The application of statistics and research methods can take many forms in applied sociology. At the graduate level, skills with statistical software tools is essential, but at the bachelor’s level, it is more important that a sociologist understand the meaning of basic statistics and knows how to use core research methods. Program evaluation and needs assessment require the knowledge of only basic statistics and research methods. Both of these applications are widely used and make excellent basic applied sociology skills.
Measuring effectiveness and outcomes at various levels of an organization have taken on increasing importance. Accountability is required not just in for profit organizations but increasingly in non-profit ones, as well.
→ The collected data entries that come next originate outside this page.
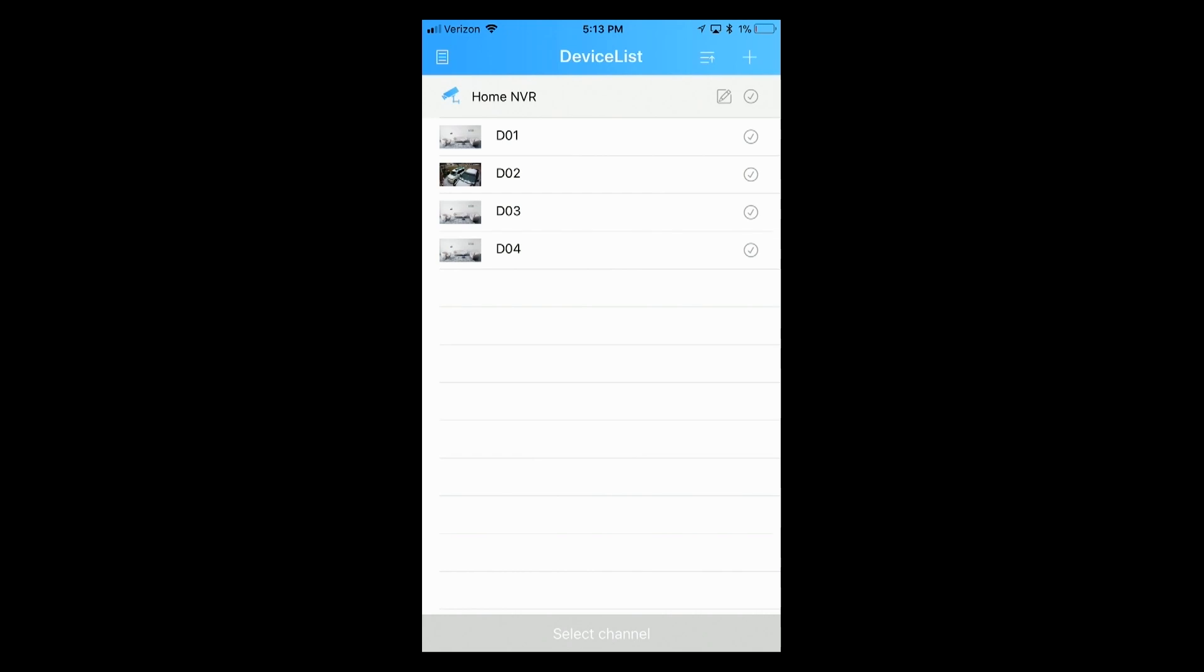Once I click there, I'll select the camera that I want to see the footage from. Click on the checkmark next to that camera and click start preview.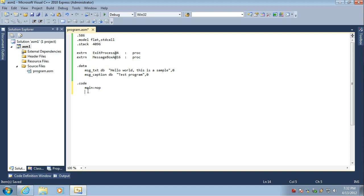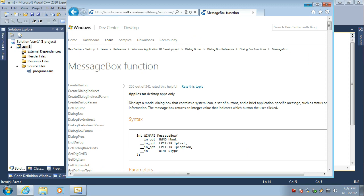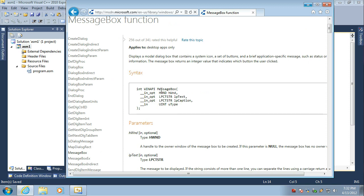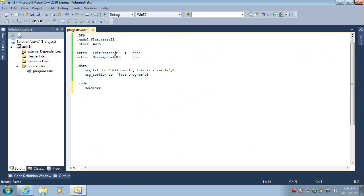We are going to call the MessageBox function from assembly, which is pretty cool. We need a text for the message box and a caption, both of which we defined in the first part of the tutorial. We need a couple of other parameters - the window handle and the type of the message box. If you don't remember, you can go to MSDN and type in message box to see all the parameters. Now, how many parameters do we have? One, two, three, and four. This is why the message box function name ends with the at sign and the number 16.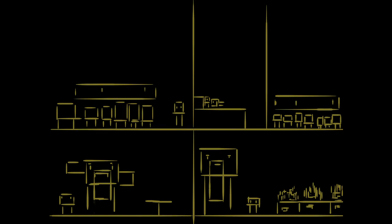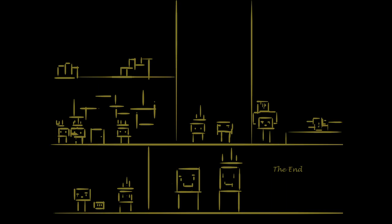Then the gold was brought up and the wedding celebrated. But howsoever much the young king loved his wife and however happy he was, he still always said, if I could but shudder, if I could but shudder. And at last she was angry at this. Her waiting maid said, I will find a cure for him. He shall soon learn what it is to shudder. She went out to the stream which flowed through the garden and had a whole bucket full of gudgeons brought to her. At night when the king was sleeping, his wife was to draw the clothes off him and empty the bucket full of cold water with the gudgeons in it over him, so that the little fishes would sprawl about him. When this was done, he woke and cried, oh, what makes me shudder so? What makes me shudder so, dear wife? Ah, now I know what it is to shudder.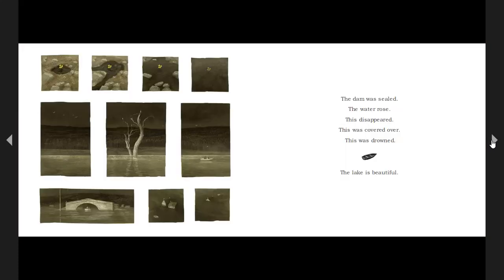The dam was sealed. The water rose. This disappeared. This was covered over. This was drowned. The lake is beautiful.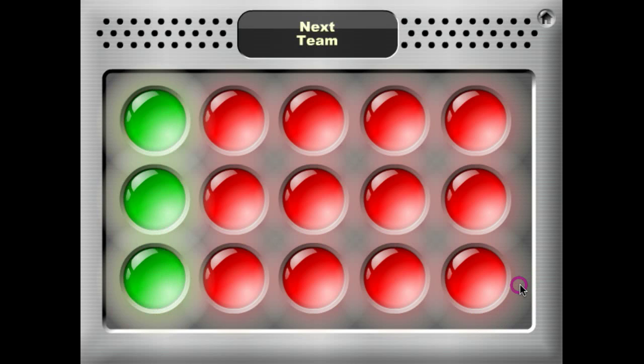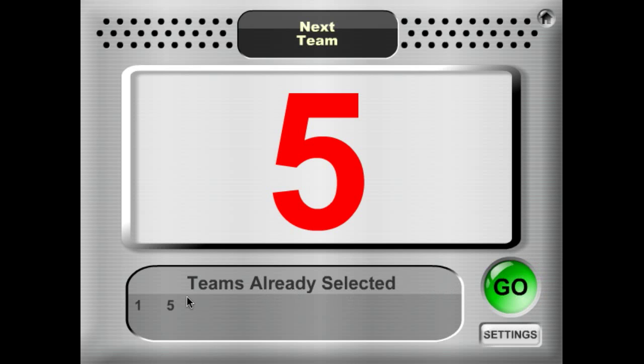And notice down here it keeps track of which teams have already been selected — so Team 1. Next up is Team 5, and Team 5 shows up here. And it will continue to pick every team until all teams have been selected.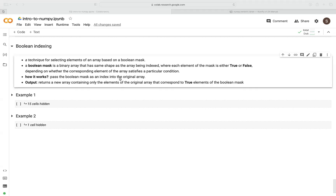In this video, I'm going to go over Boolean indexing in the context of NumPy. Boolean indexing is a technique for selecting elements of an array based on some Boolean mask. This Boolean mask is just a binary array that has the same shape as the array we're trying to index, where each element of this mask is either true or false, depending on some condition in our original array.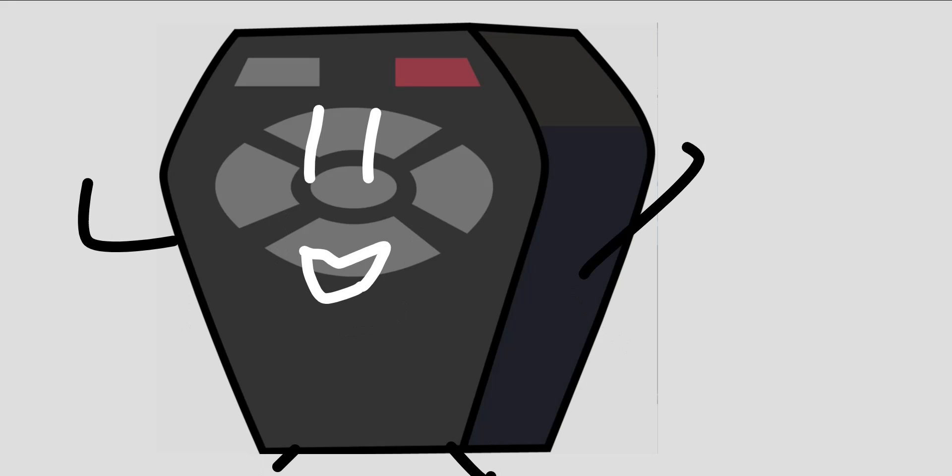The Adventures of BFB Remote, Episode 2. Hi people.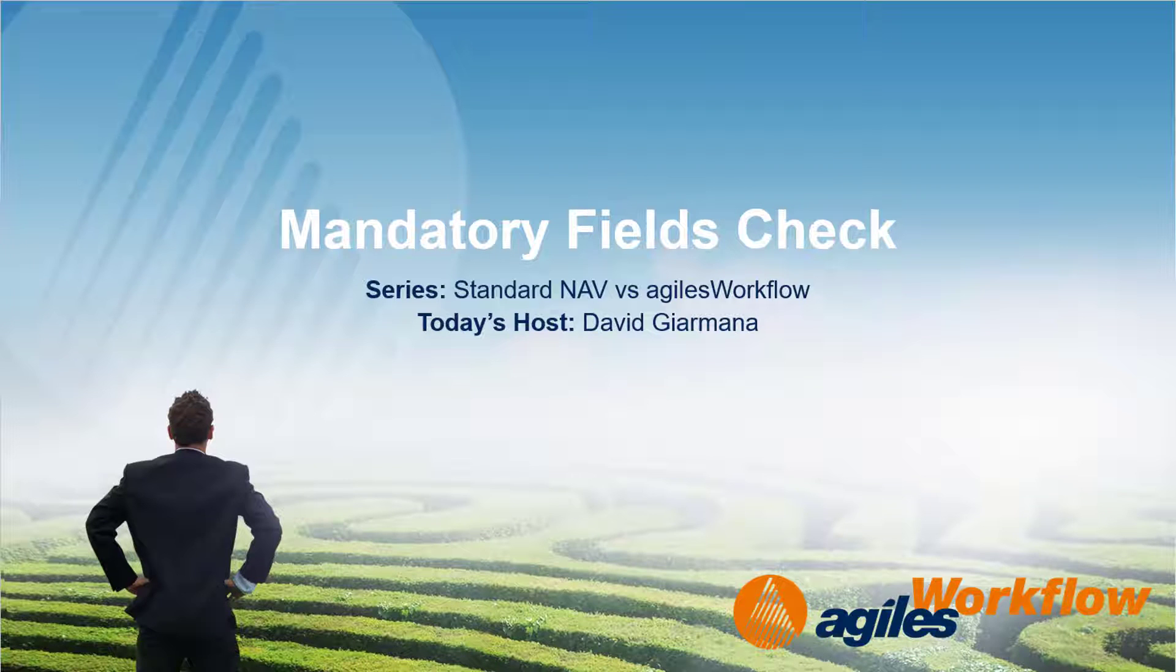Hi, I am David Germana and I will show you today the workflow for checking customer mandatory fields for standard NAV versus Agiles workflow.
A major shift has occurred in how social and human service organizations are evaluated. Once it was all about staff being busy counting how many people they served. Now the emphasis is on achieving measurable improvement in the people served. Now it’s all about outcomes and measuring impact.
In the context of heightened scrutiny of how tax money and charitable contributions are spent, many human service/social service programs are required to conduct program evaluation. If they are not required to, they ought to do it voluntarily. The people who work in these kinds of organizations often think they are doing great work because they are so busy. They think their programs are having the desired impact because they get such a great feeling every day when they work with their clients. Sadly these professionals may get their feelings hurt when questions are raised, especially in the media, about their program outcomes. Maybe good people and good programs don’t deserve to be shut down just because they can’t deliver hard data showing their effectiveness. But they can be shut down. Smart program managers and professionals must have the skills to evaluate their programs and show their value.
Introduction to Evaluation
Evaluation is a methodological area that is closely related to, but distinguishable from more traditional social research. Evaluation utilizes many of the same methodologies used in traditional social research, but because evaluation takes place within a political and organizational context, it requires group skills, management ability, political dexterity, sensitivity to multiple stakeholders and other skills that social research in general does not rely on as much. Here we introduce the idea of evaluation and some of the major terms and issues in the field.
Definitions of Evaluation
Probably the most frequently given definition is:
Evaluation is the systematic assessment of the worth or merit of some object
This definition is hardly perfect. There are many types of evaluations that do not necessarily result in an assessment of worth or merit — descriptive studies, implementation analyses, and formative evaluations, to name a few. Better perhaps is a definition that emphasizes the information-processing and feedback functions of evaluation. For instance, one might say:
Evaluation is the systematic acquisition and assessment of information to provide useful feedback about some object
Both definitions agree that evaluation is a systematic endeavor and both use the deliberately ambiguous term ‘object’ which could refer to a program, policy, technology, person, need, activity, and so on. The latter definition emphasizes acquiring and assessing information rather than assessing worth or merit because all evaluation work involves collecting and sifting through data, making judgements about the validity of the information and of inferences we derive from it, whether or not an assessment of worth or merit results.
The Goals of Evaluation
The generic goal of most evaluations is to provide “useful feedback” to a variety of audiences including sponsors, donors, client-groups, administrators, staff, and other relevant constituencies. Most often, feedback is perceived as “useful” if it aids in decision-making. But the relationship between an evaluation and its impact is not a simple one — studies that seem critical sometimes fail to influence short-term decisions, and studies that initially seem to have no influence can have a delayed impact when more congenial conditions arise. Despite this, there is broad consensus that the major goal of evaluation should be to influence decision-making or policy formulation through the provision of empirically-driven feedback.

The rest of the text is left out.